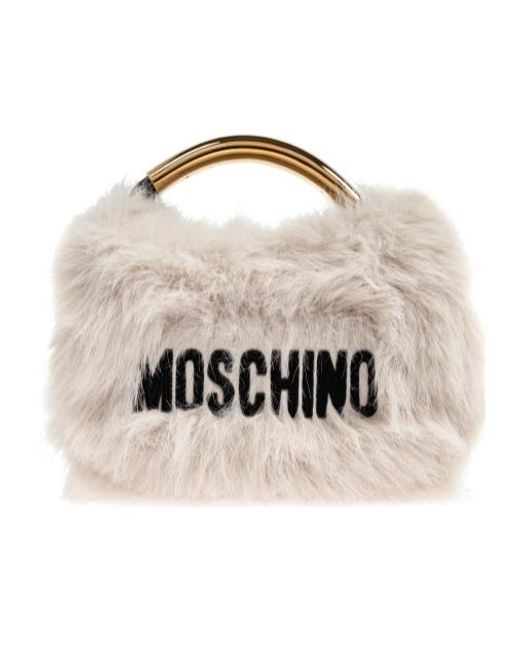 Moschino White Logo Embroidery Top Handle Bag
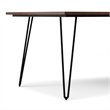 Pemberly Row Industrial Dining Table in Walnut Veneer with Black Metal Legs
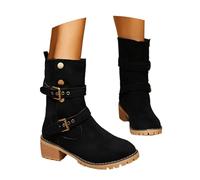 Generisch Bottes à tige moyenne pour femme avec talon bloc - Confortables - Thermiques - Chaussures de loisirs - Bottes d'hiver douces et respirantes - Bottes d'hiver élastiques pour les jours froids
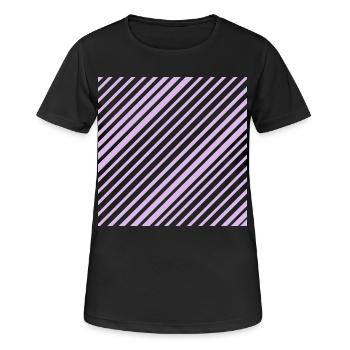 Grafische Linien mit diagonalen Streifen L-lila - Frauen T-Shirt atmungsaktiv - Schwarz - Vorne - AI Model Female 172 light (172cm)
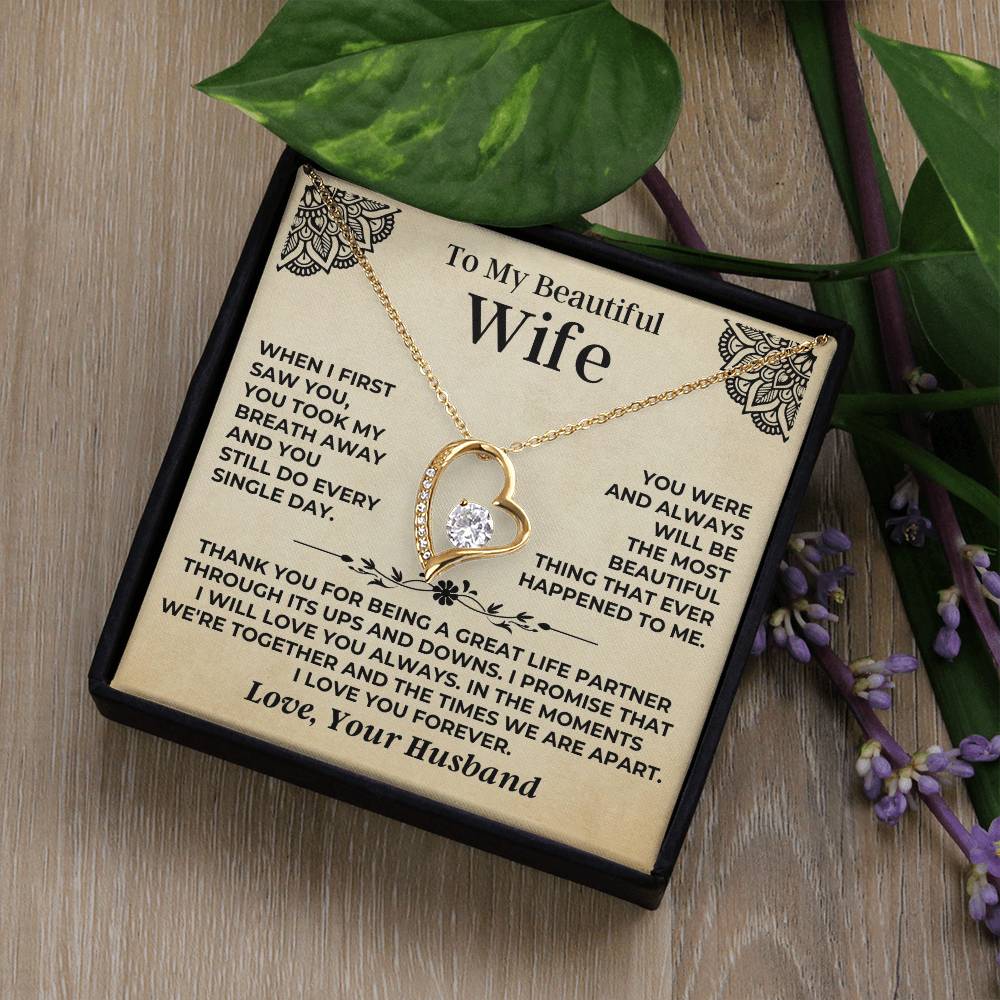 To My Beautiful Wife - Forever Love Gift Set - Ss545 Forever Love Necklace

____

■ WHAT YOU ARE ASKED TO DO ■
Return each line of the material exactly as written; exclude the pictures.

■ RESPONSE BOX ■
 Moschino White Logo Embroidery Top Handle Bag
 Pemberly Row Industrial Dining Table in Walnut Veneer with Black Metal Legs
 Generisch Bottes à tige moyenne pour femme avec talon bloc - Confortables - Thermiques - Chaussures de loisirs - Bottes d'hiver douces et respirantes - Bottes d'hiver élastiques pour les jours froids
 Grafische Linien mit diagonalen Streifen L-lila - Frauen T-Shirt atmungsaktiv - Schwarz - Vorne - AI Model Female 172 light (172cm)
 To My Beautiful Wife - Forever Love Gift Set - Ss545 Forever Love Necklace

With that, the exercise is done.